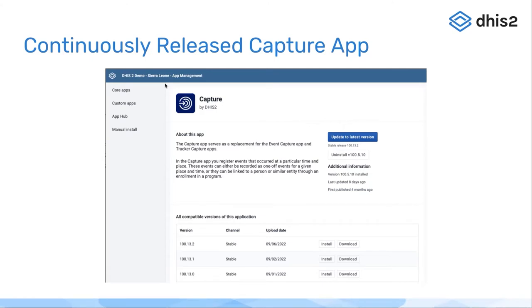239 is the first release to be bundled with a continuously released version of the Capture app.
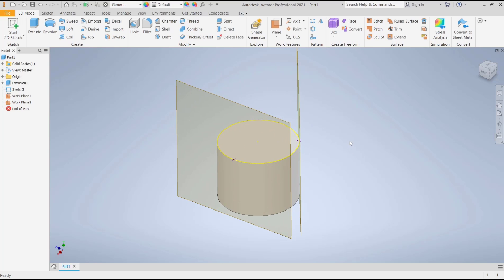Okay, that's it for this basic Inventor tutorial on how to create a plane on a cylinder. If you have any questions about this tutorial, you can comment below this video.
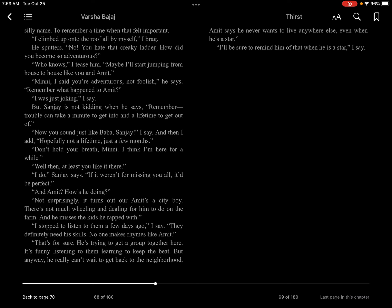Now you sound just like Baba, Sanjay, I say. And then I add, hopefully not a lifetime, just a few months. Don't hold your breath, Mini. I think I'm here for a while.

--------------------------------

• Task statement: The material is to be written out word for word, and the pictures are to be left out.

• Task result:
239 is the first release to be bundled with a continuously released version of the Capture app.
Okay, that's it for this basic Inventor tutorial on how to create a plane on a cylinder. If you have any questions about this tutorial, you can comment below this video.
Now you sound just like Baba, Sanjay, I say. And then I add, hopefully not a lifetime, just a few months. Don't hold your breath, Mini. I think I'm here for a while.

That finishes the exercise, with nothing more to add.